As a taxpayer I personally am pleased that this is at least one place the government isn't subsidizing some corporation for private gain at my expense. Even if a foundry licensed the font to the government for free, it would be free advertising for that entity. This is one area where I think it makes excellent sense for the government to have done something on its own. The surprise is that it actually looks decent.
Many (most?) of those typefaces are commercially licensed, and can't serve as a universal "default" for typography across all the USG's web properties. Additionally: almost none of them are in OS/browser font stacks, so using them would incur logistical problems in addition to licensing.
There are two problems with that reasoning. First: it is clearly contradicted by the inclusion of Source Sans Pro and Merriweather, both licensed under the SIL OFL and developed by third parties, in the USWDS list of components. Second: creating another font that isn't in operating systems and WWW browsers does not solve the latter problem.

* https://github.com/uswds/uswds-for-designers#fonts

* https://designsystem.digital.gov/components/typography/

* https://github.com/adobe-fonts/source-sans-pro

* https://github.com/SorkinType/Merriweather/blob/master/READM...

Switching to Public Sans solves none of the problems you're pointing out.

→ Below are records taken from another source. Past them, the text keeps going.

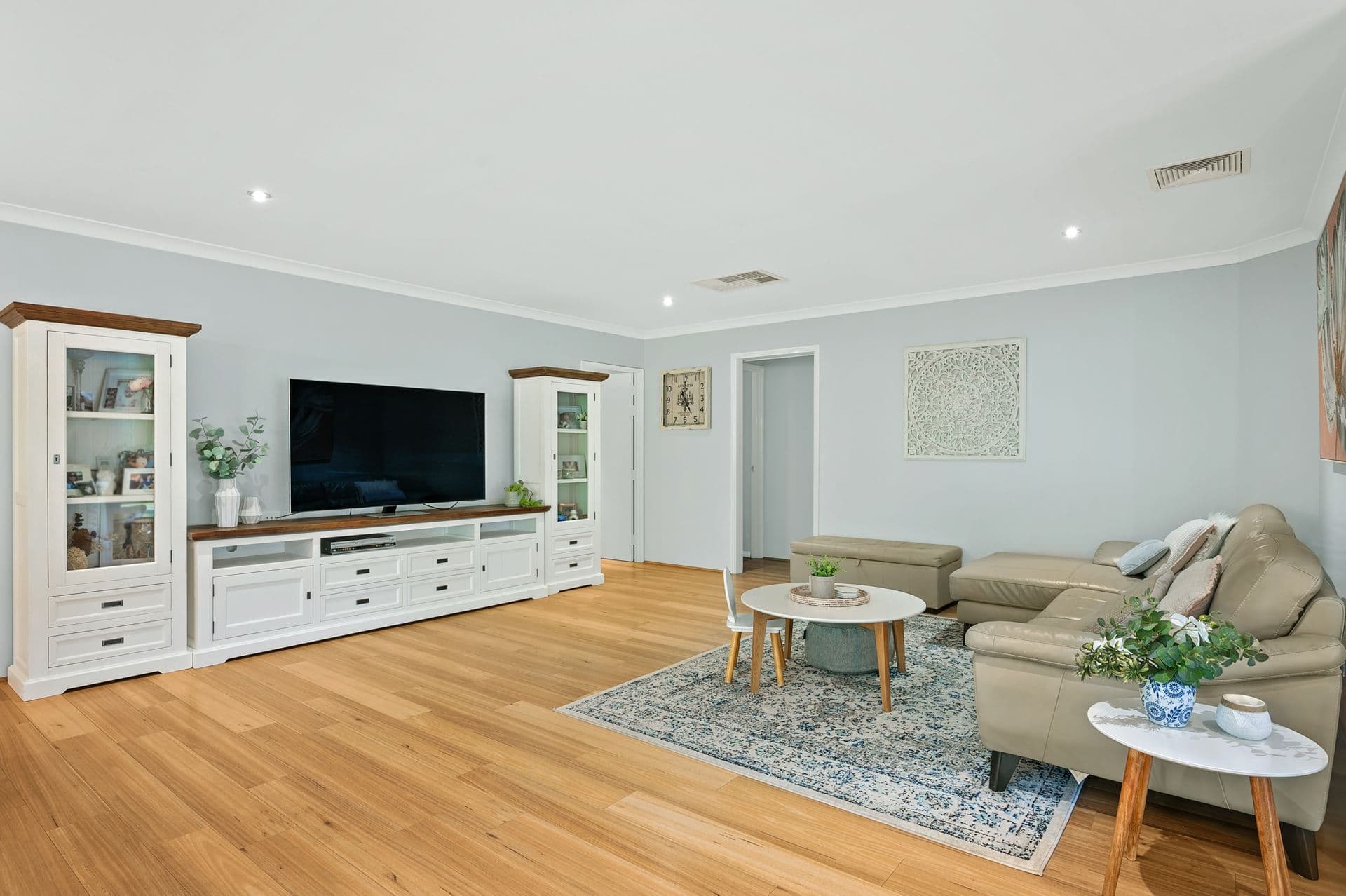 37/23 Casuarina Drive, Bunbury, WA, 6230, Millbridge - Thumbnail 6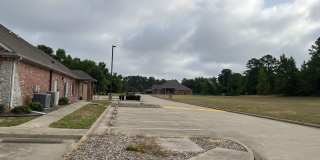 2040 Shiloh RD. Gallery 2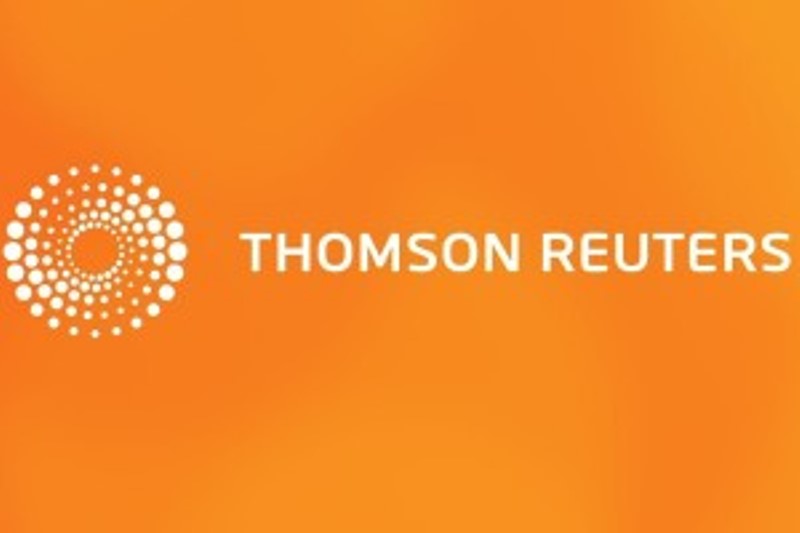UNEC dosentinin məqaləsi “Thomson Reuters” bazasına daxil olan jurnallarda nəşr edilib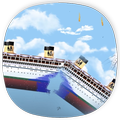 Floating Sandbox Game Adviser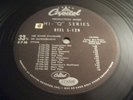 DON KIRSTEN - CAPITOL HI-Q Library LP USA 1960s Technology/Machinery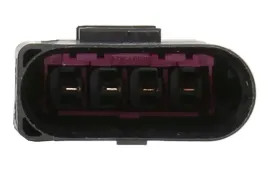 sonda-lambda-0258006000-bos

According to the Public Sans's Github page, "Source Sans Pro" was the USWDS default, which is a SIL font (so no licensing issues) and is also not in the OS/browser font stack.

I don't understand your second point. Public Sans isn't in OS/browser font stacks, either. What makes its inclusion more likely than, say, a 15 year-old open source font like DejaVu Sans?
I took the parent comment to be saying, "look, there are all these preexisting sans typefaces, why not just take one of the ones on this list". The answer: because they'd have to arrange to pay, and to source them from the commercial services that make them available.

I agree that there are other typefaces they could use! I was mostly commenting on how a list of faces that includes Avenir, Univers, and FF Meta was probably not the best summary of the available options.

> would you want to do your taxes with Comic Sans?

Q: Who would be prepared to do their taxes with Comic Sans if taxes were lower for those who did?